I just released a new version after first releasing it 18 months ago. It's been a hard slog to scrounge time as it's not my day job but that's life.

There's a ton of obvious improvements in the future (weather systems, temperature, varying rainfall, ice/snow, more biomes, more plate tectonics, lava, etc) but all suggestions/feedback is welcome.




Actually if this had a good export feature, this could be a very useful tool for other level designers to start crafting their imaginary worlds in a way that those worlds make logical sense.

Especially if you could mod in/script/configure strange flora/fauna, this could be a great tool.


You could contact Neal Stephenson and see if he actually wants to build the geologically accurate MMORPG called T'Rain...


know this book wasnt his best, but I really enjoyed it. I wonder if he had heard about dwarf fortress when writing that section


Do you have any idea of what you'd want to import it into?

I get this feedback a lot, but I'm unsure what formats would be most useful- there are a lot of different heightmap / GIS formats to choose from.

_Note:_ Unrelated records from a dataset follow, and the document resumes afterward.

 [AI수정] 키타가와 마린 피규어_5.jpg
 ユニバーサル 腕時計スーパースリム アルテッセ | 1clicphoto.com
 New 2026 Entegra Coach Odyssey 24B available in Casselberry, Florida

if you could export this to unity. It is hugely time expensive to generate realistic terrain, be nice if the water linked in with something like R.A.M 2019 then it would be really quite awesome.


I like poking around with these sorts of sandboxes, but in order to gamify it, you might need some objectives, limitations and planning goals, eg:

- you have a limited amount of some mineral or rock that erodes quicker or slower than others, and you need to move water from one location to another.

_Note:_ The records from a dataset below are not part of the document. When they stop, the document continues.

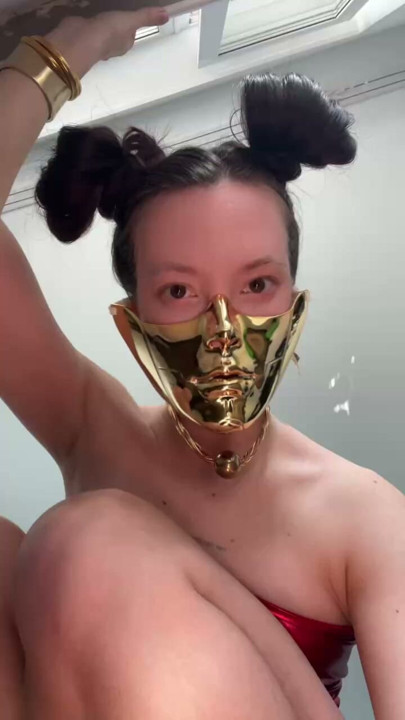eye contack - gold mask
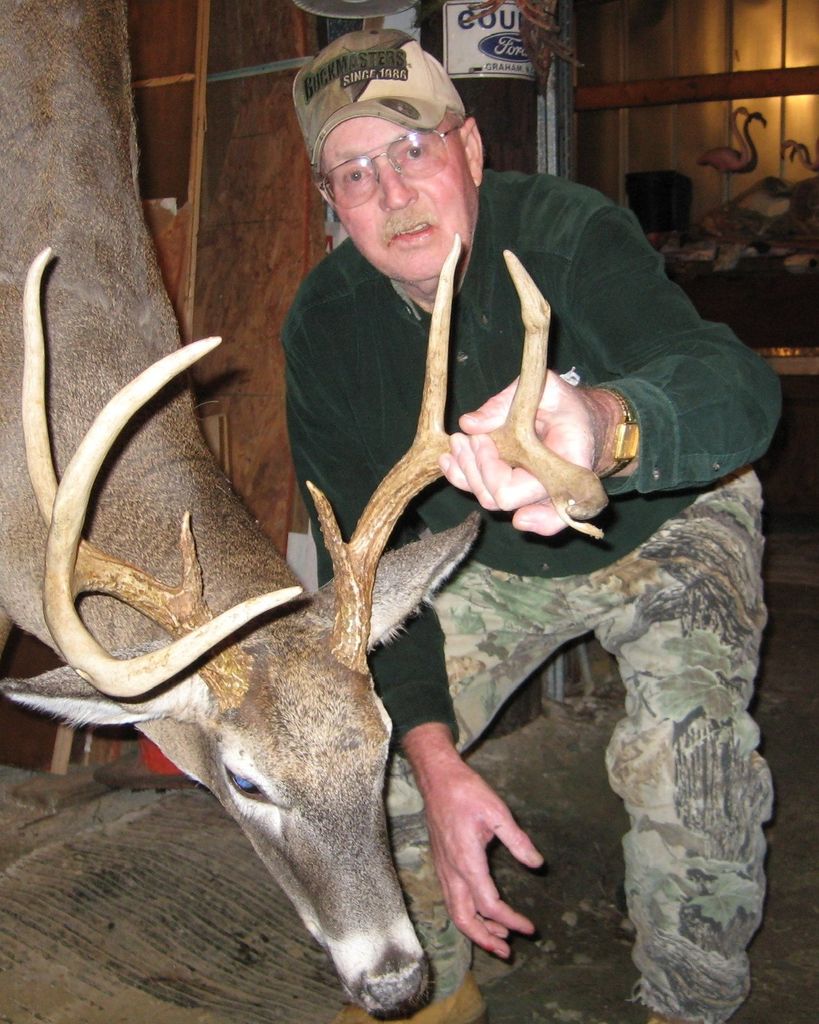 Elton Lee Moore Profile Photo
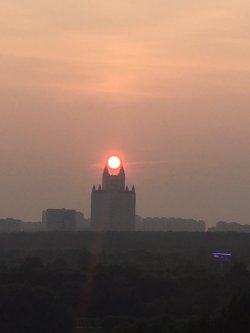 weirdrussians:Sunset in Moscow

- there is a magma chamber growing under a mountain. Move the villagers out of harms way / destroy enemies.

- introduce sinkholes: make as many sinkholes as possible within some period.

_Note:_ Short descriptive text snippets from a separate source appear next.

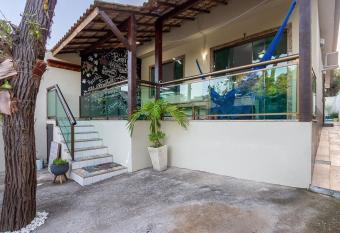 Familiar 3Quartos, Garagem, Piscina, churrasqueira, internet Wifi e Smart TV has Balcony rooms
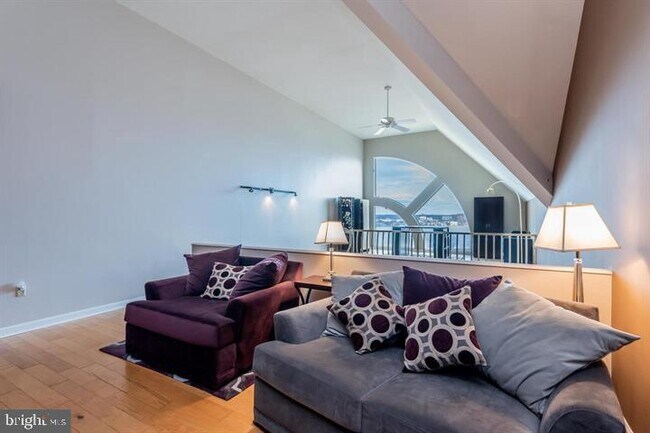 Building Photo - 1510 Waterford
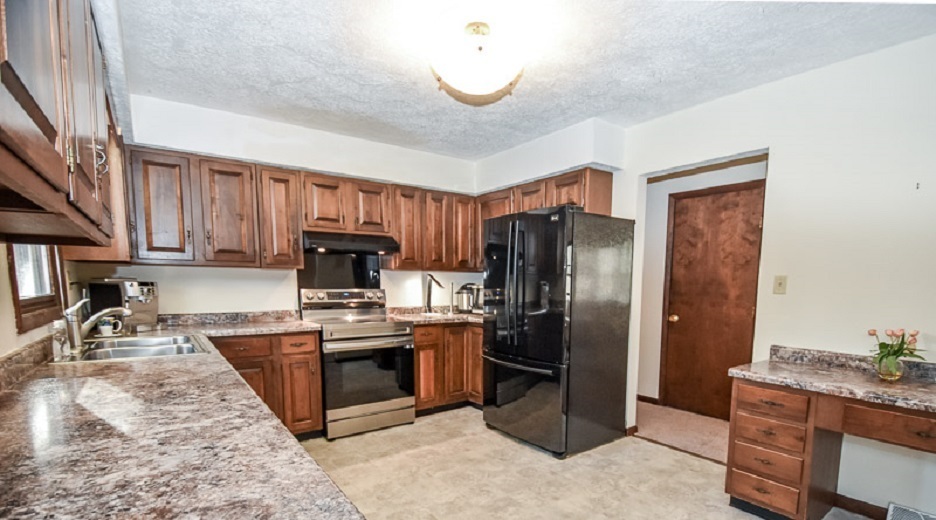 550 North Park Ridge Road Bloomington, IN 47408 - Photo 9 of 36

Why do they need to gamefy it? Toys as townscaper exist and have received positive feedback.


I like the sandbox idea, but the game scenarios can be also like a tutorial to help the new user to know the basic tools and tricks.


Personally would like to see this developed deeper instead of branching into gaming goals. Then maybe it can one day be optimized to fit into an existing game's framework? Imagine Civilization 7 or 8, years down the line, having tech like this? Reshaping continents to spread your influence would be so amazing.


Alpha Centauri had some terrain modification in a 4x game (real big bombs, construction units that could raise and lower terrain, and “melt the ice caps”), as well as a super simple weather model that could kind of interact with it (iirc the prevailing wind always came from one direction, but you could raise or lower a ridge to make it wet or dry in an area).

Influencing continental drift for strategic purposes would be hard to justify in a realistic/up-to-near-future game, but sci-fi is always there. Or maybe someone needs to try something new, like a 4x game that takes place on an evolutionary scale. Synapsids & Sauropsids. “I‘ve got you down to your last Lystrosaur, bwahaha”


My favorite aspect of this game is that it’s not actually a game, and more like a zen garden. Adding more game elements would ruin that aspect.


There is no reason, why you cannot have both.


There is: developer time and focus. Not everything needs to be gamified and have "player retention", etc.


The context was that the parent poster was afraid of "Adding more game elements would ruin that aspect."

My point was that it is quite trivial (and useful) to seperate the sandbox from the gamification.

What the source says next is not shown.